(Statistics, Statistical Mechanics):
A microstate is another of those convenient fictions physicists use to give their work some degree of mathematical rigor. In statistical mechanics a microstate is a particular configuration of the particles in a system. One of the postulates of quantum mechanics is that everything we can know about a system is summed up in the system's wavefunction, so microstates in quantum mechanics are just individual wavefunctions. In classical mechanics, a microstate is just a listing of the position and velocity of every point-like particle within the system. [SM 3]
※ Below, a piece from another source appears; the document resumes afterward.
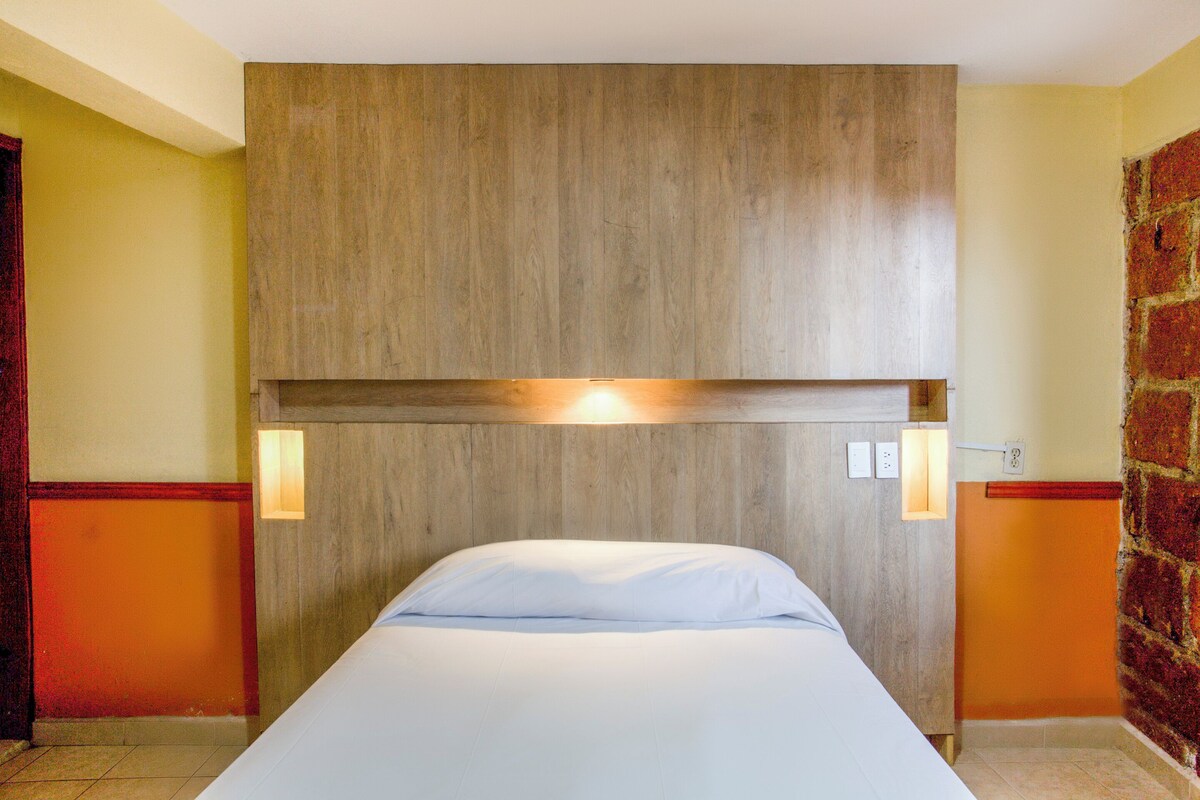 Una habitación de hotel con cabecera de madera, una cama con ropa blanca y dos lámparas fijadas a la pared.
So, depending on your tolerance for super-empirical notions, microstates aren't "real" things. I mean, sure, every system has to be in a particular microstate at a particular time, but no one is going to actually observe that. For most systems, there's the practical problem of being unable to store the data — even a mole's worth of material would require much more than 10^23 bits of data — i.e., not happening in this universe, buddy.
So why talk about microstates at all? Because the things that we can observe — pressure, temperature, and so on — are macrostates linked in a one-to-many coorespondence with several microstates. And if we assume that all microstates within a closed system are equally likely (a rather contentious issue called the ergodic hypothesis) we can begin to make statistical claims about which macrostates are more likely than others. Thanks to the Central Limit Theorem and the rather large number of molecules (6x10^23 per mole) in the typical thermodynamic system, these statistical claims tend to have low variance.
In other words, if you can't see them, invent them.
[SM] Franz Schwabl, Statistical Mechanics 2nd ed., Springer-Verlag 2002.